We start with an article from the New York Times last week:


The man leading the Obama administration’s efforts to restructure the auto industry has been described in Securities and Exchange Commission documents as having arranged for his investment firm to pay more than $1 million to obtain New York State pension business.

Although he is not named in the documents, a person with knowledge of the inquiry said the investment executive is Steven Rattner, co-founder of the Quadrangle Group, the prominent private equity firm.

The S.E.C. complaint, filed as part of an expansive state and federal investigation into corruption at the state pension fund, details the efforts of Quadrangle to gain business from the pension fund beginning in 2004.

The person who received most of the $1 million-plus payment has been indicted, accused of selling access to the fund.


Here are the details of allegations of how Mr Rattner interacted with intermediaries to get NY state pension fund investments into his company.


Investigators are scrutinizing the fees paid by investment firms to intermediaries who arranged deals with the $122 billion pension fund. While such payments are legal, they often raise questions about conflicts of interest and would be illegal if used to bribe public officials.

In a 123-count indictment issued last month, two aides to Mr. Hevesi were accused of selling access to the fund. The aides, Hank Morris, who was Mr. Hevesi’s top political consultant, and David Loglisci, the fund’s chief investment officer, have denied any wrongdoing.

The S.E.C. complaint, which was released Wednesday, describes steps undertaken by the Quadrangle executive to win $100 million worth of business from the pension fund in 2005. That amount accounted for nearly 5 percent of a Quadrangle private equity fund and helped the company raise money from other investment funds.

In October 2004, the executive met with Mr.

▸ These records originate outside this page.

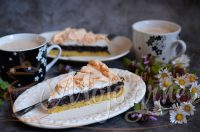 Pita sa makom i marmeladom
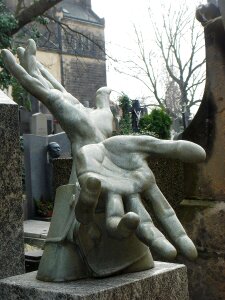 Memorial cemetery statue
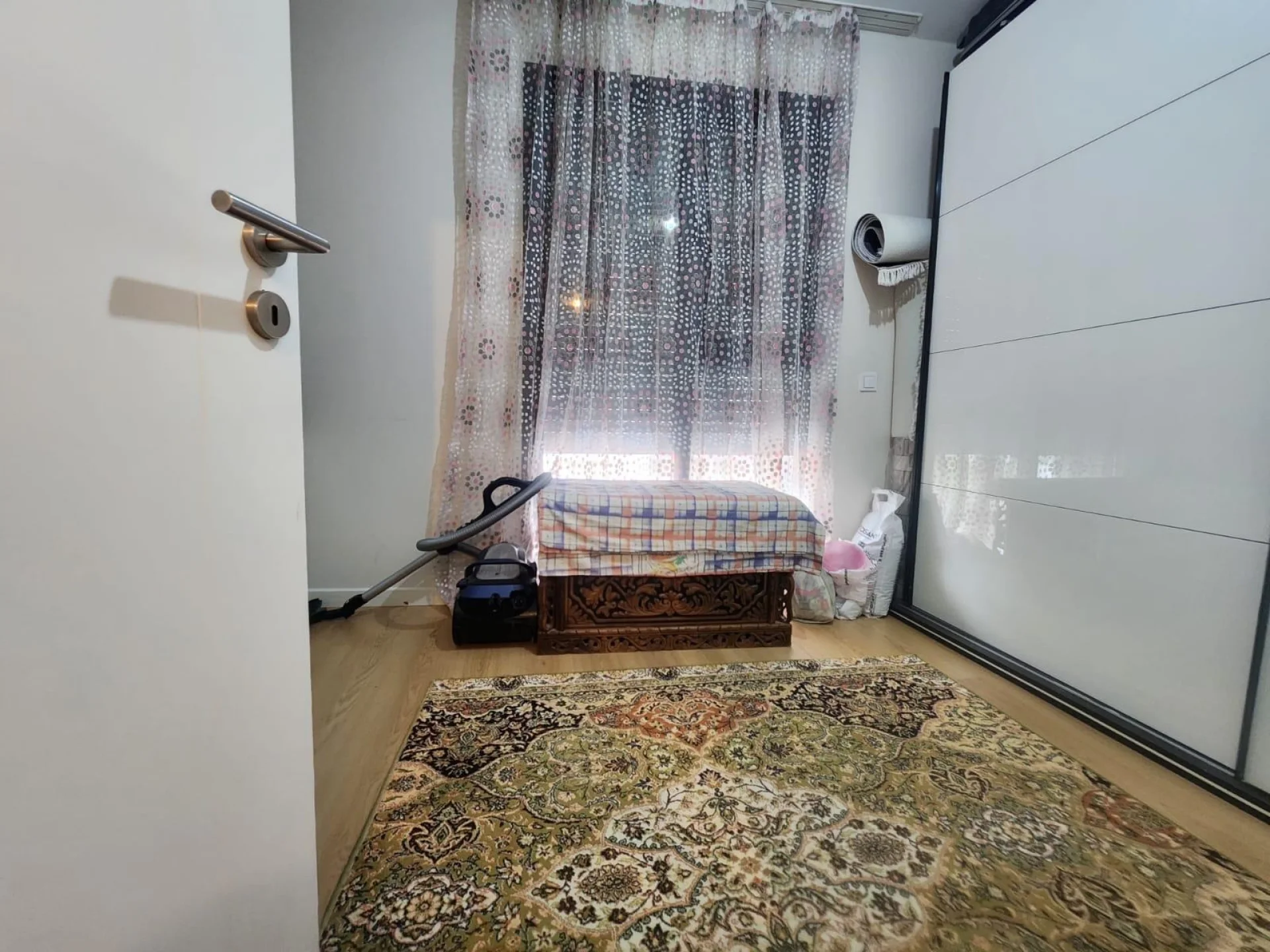 Bayraklı Mansuroğlu'nda Satılık 2+1 Kapalı Mutfak Daire — fotoğraf 5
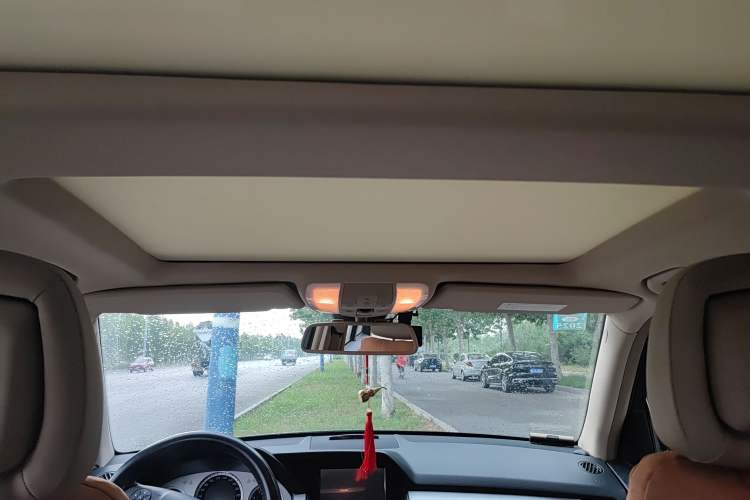 Used Mercedes-Benz GLK-Class 2011 GLK 300 4MATIC Fashion Model Headliner
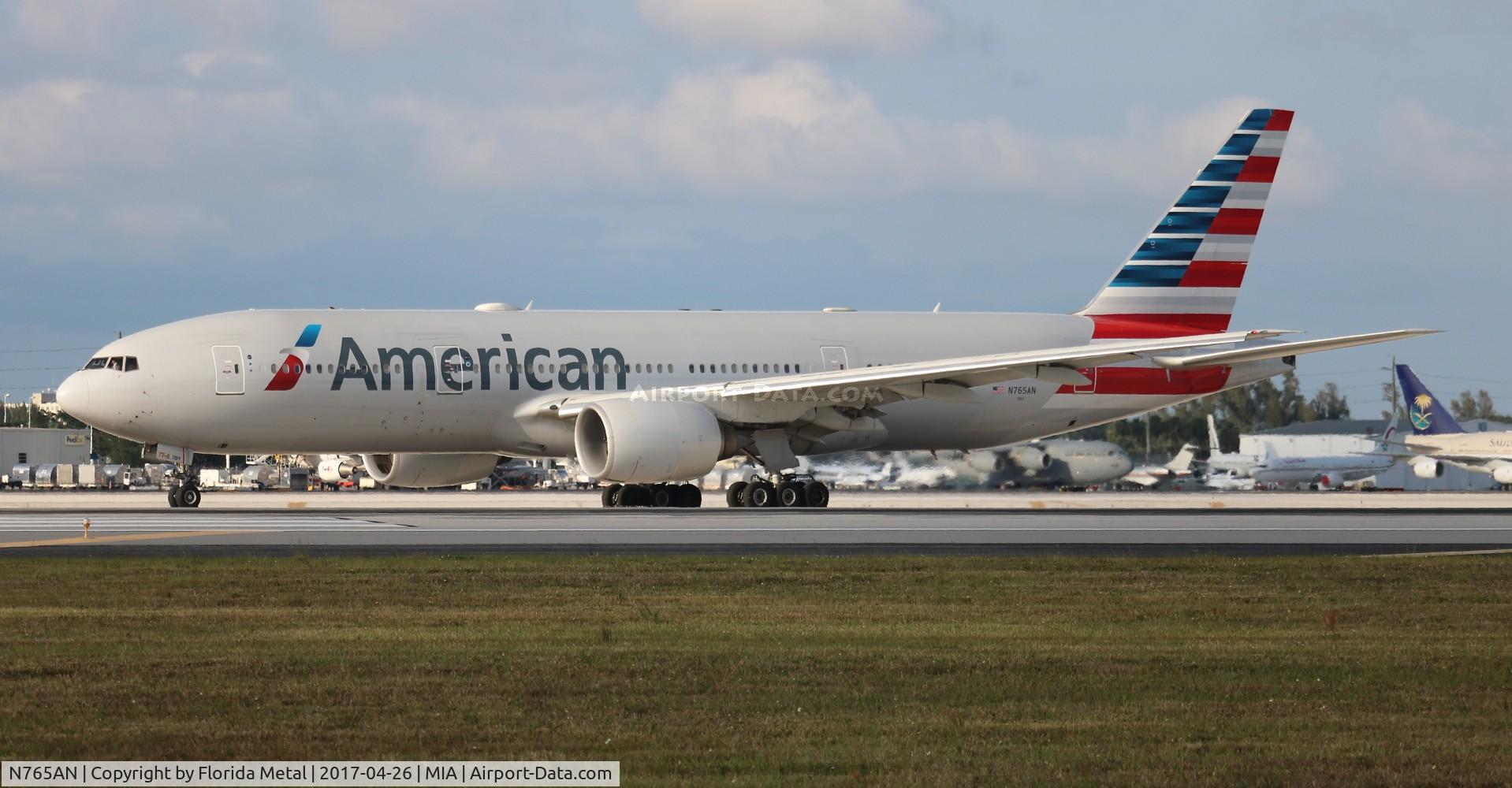 N765AN, 2003 Boeing 777-223 C/N 32879, American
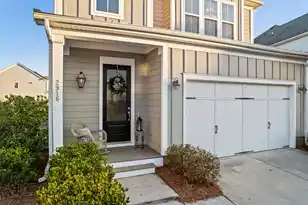 2916 Eddy Dr, Mount Pleasant, SC 29466 - Photo 2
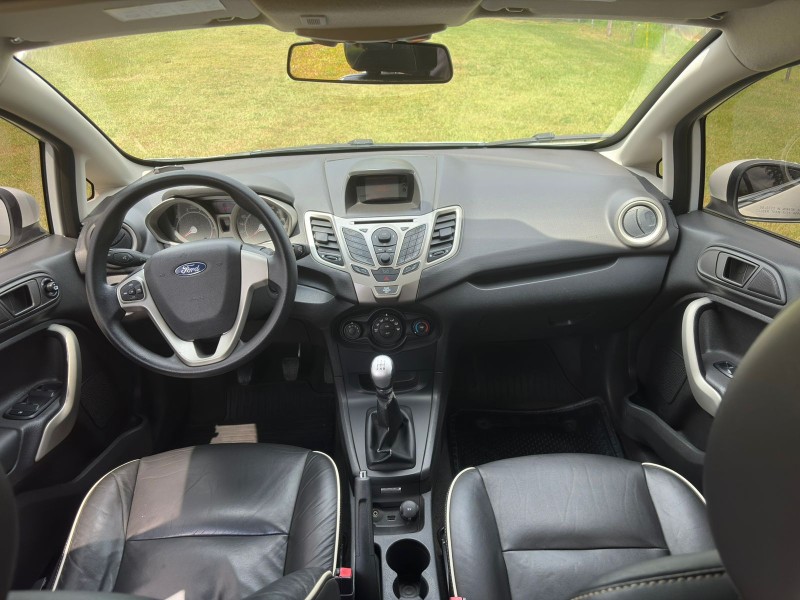 FIESTA 1.6 SE HATCH 16V FLEX 4P MANUAL - 2012 - FARROUPILHA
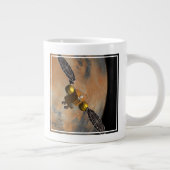 Ein Raumfahrzeug, das Mars umkreist. Jumbo-Tasse (Rechts)
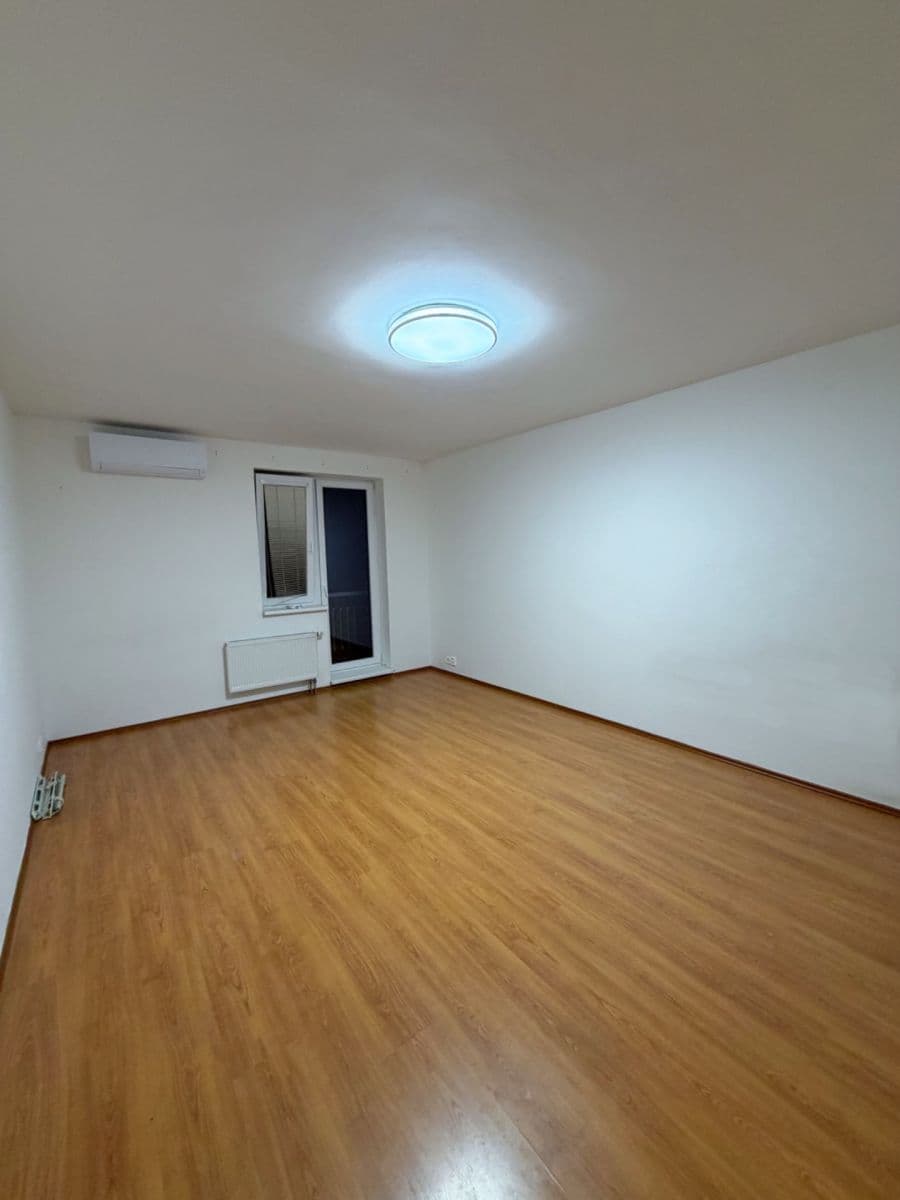 Pronájem bytu 2+kk 65 m², Vyšehořovická, Nehvizdy, Středočeský kraj Pronájem bytu 2+kk 65 m², Vyšehořovická, Nehvizdy, Středočeský kraj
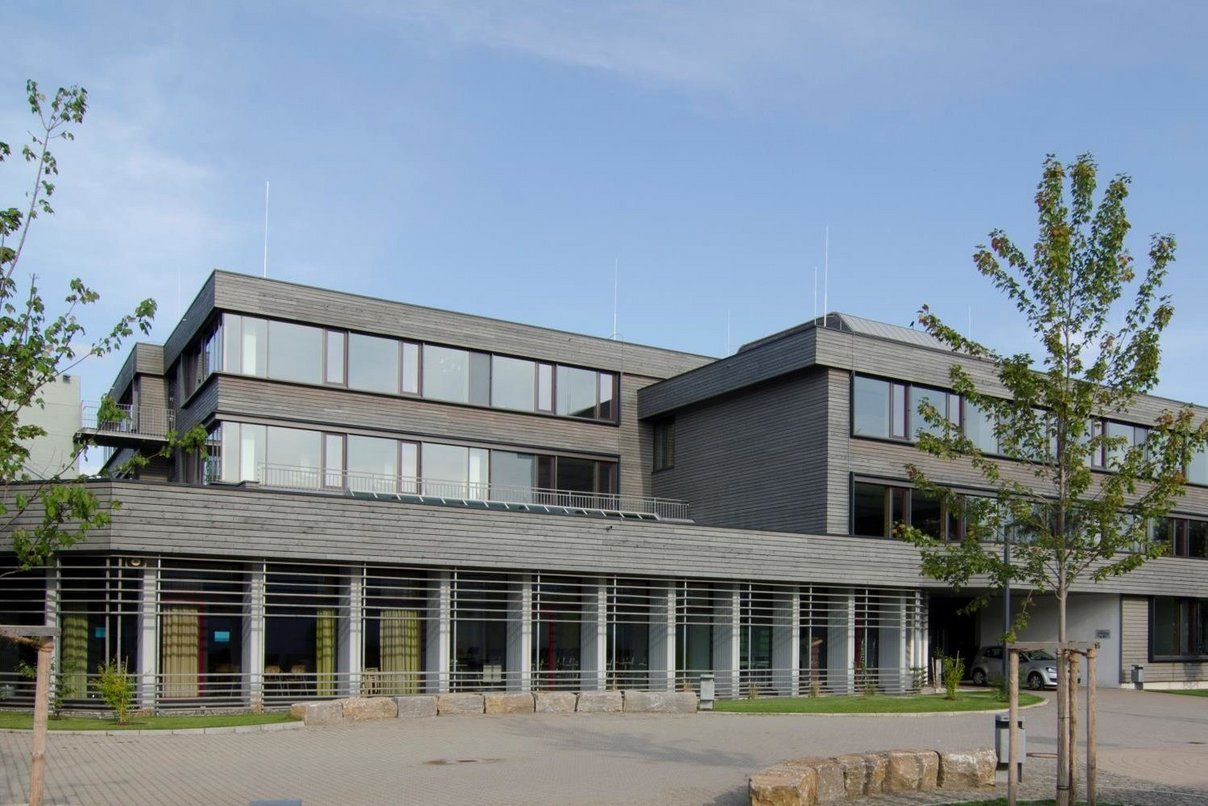 neu saniertes Schulgebäude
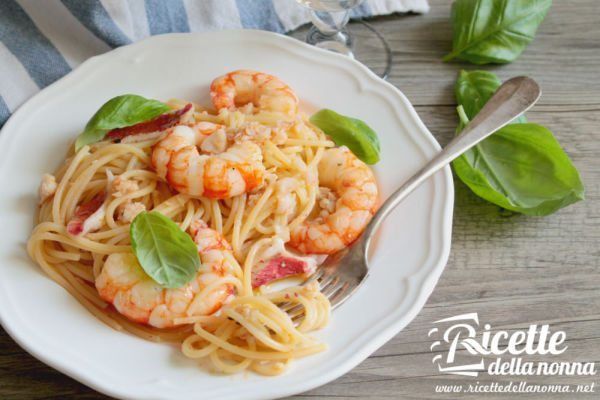 Pasta con gamberi e filetti di triglia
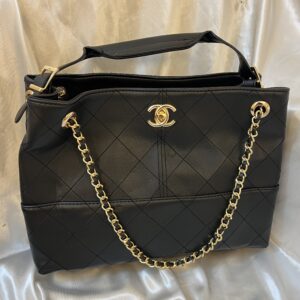 حقيبة شانيل جلد لون اسود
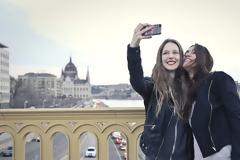 oSnap : AppStore free today... η πιο εύκολη εφαρμογή για γρήγορες Selfies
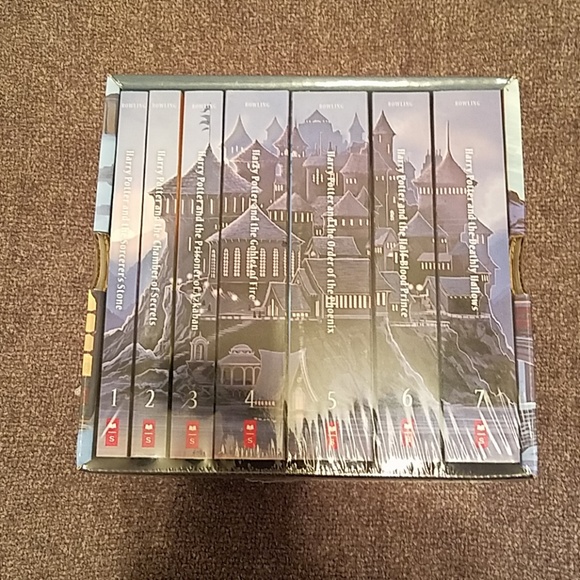 Warner Bros. Other - Spring/Summer Beach Reading- Harry Potter Series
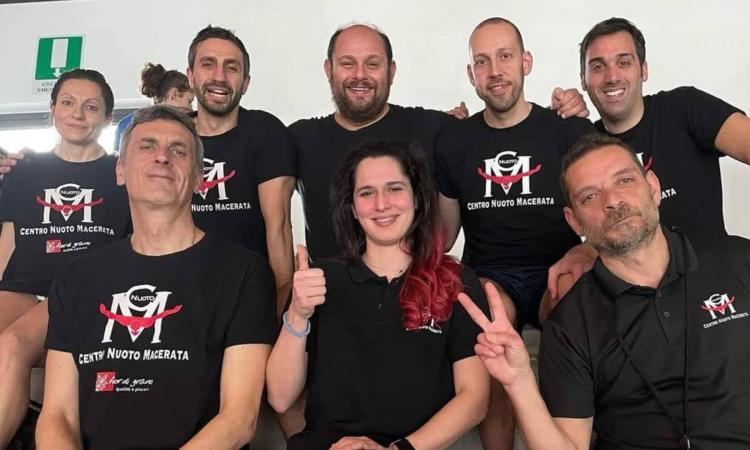 Centro Nuoto Macerata, una squadra da record: sei podi con 4 ori ai campionati regionali Master Centro Nuoto Macerata, una squadra da record: sei podi con 4 ori ai campionati regionali Master
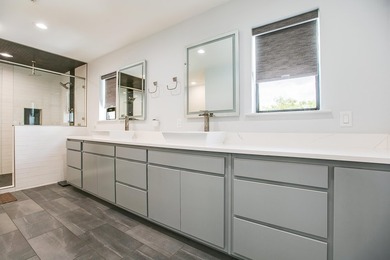 Completely remodeled 3-bedroom, 3-bathroom lake house offering - photo 28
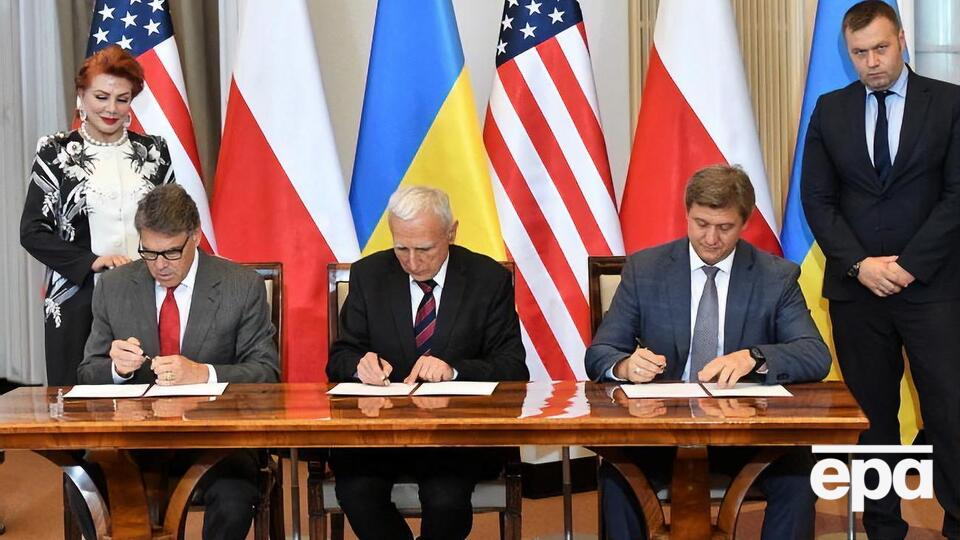 Церемонія підписання угоди відбулася у Варшаві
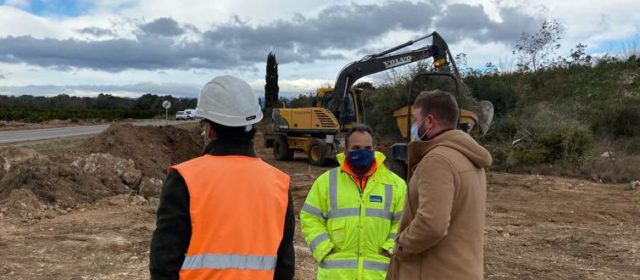 Comienzan las obras en la rotonda de la CV-11 tras ceder el Ayuntamiento de Sant Jordi los terrenos a la Generalitat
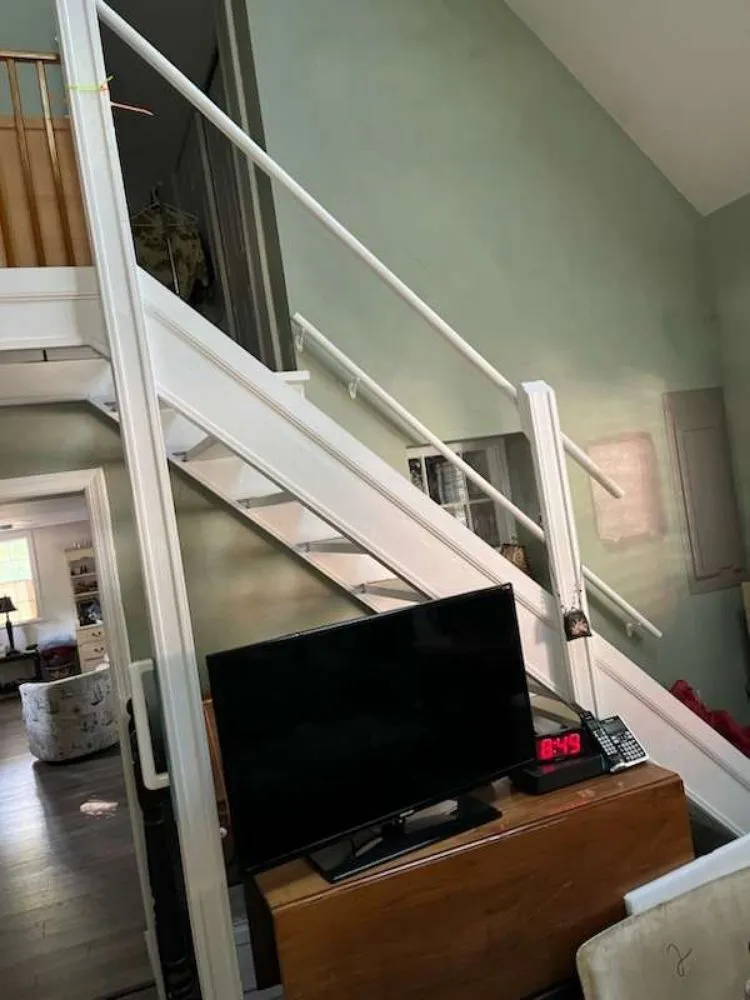 Slide of D & D Innovations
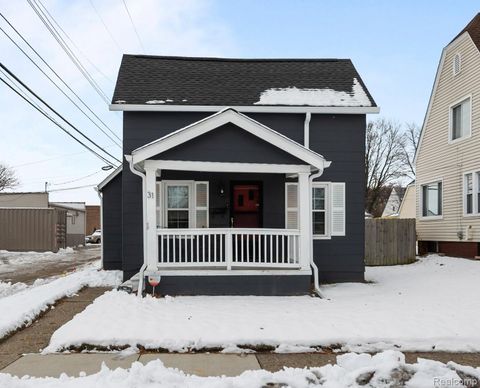 31 Manatee Avenue Hazel Park City MI 48030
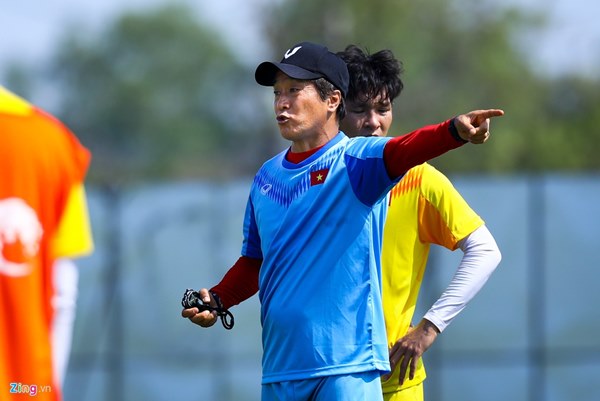 Trợ lý HLV Park nổi cáu vì Bảo Toàn không biết phòng ngự-5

Loglisci to seek the pension fund investment and Mr. Loglisci 'reacted favorably' and 'began taking the necessary steps to secure approval' for the investment, the complaint said.

Two months later, in December, the same executive met with Mr. Morris, who, according to prosecutors, was working in tandem with Mr. Loglisci to generate millions of dollars in fees from the investment firms, and within weeks had agreed to a deal to pay an obscure securities firm that employed Mr. Morris 1.1 percent of any money that the retirement fund invested with Quadrangle, as a placement agent fee. That worked out to $1.1 million, of which Mr. Morris received 95 percent.

The timing of the meeting with Mr. Morris was significant, the complaint indicated, because the Quadrangle executive had already met with Mr. Loglisci and would presumably not need a placement agent. In addition, Quadrangle had previously retained a separate placement agent.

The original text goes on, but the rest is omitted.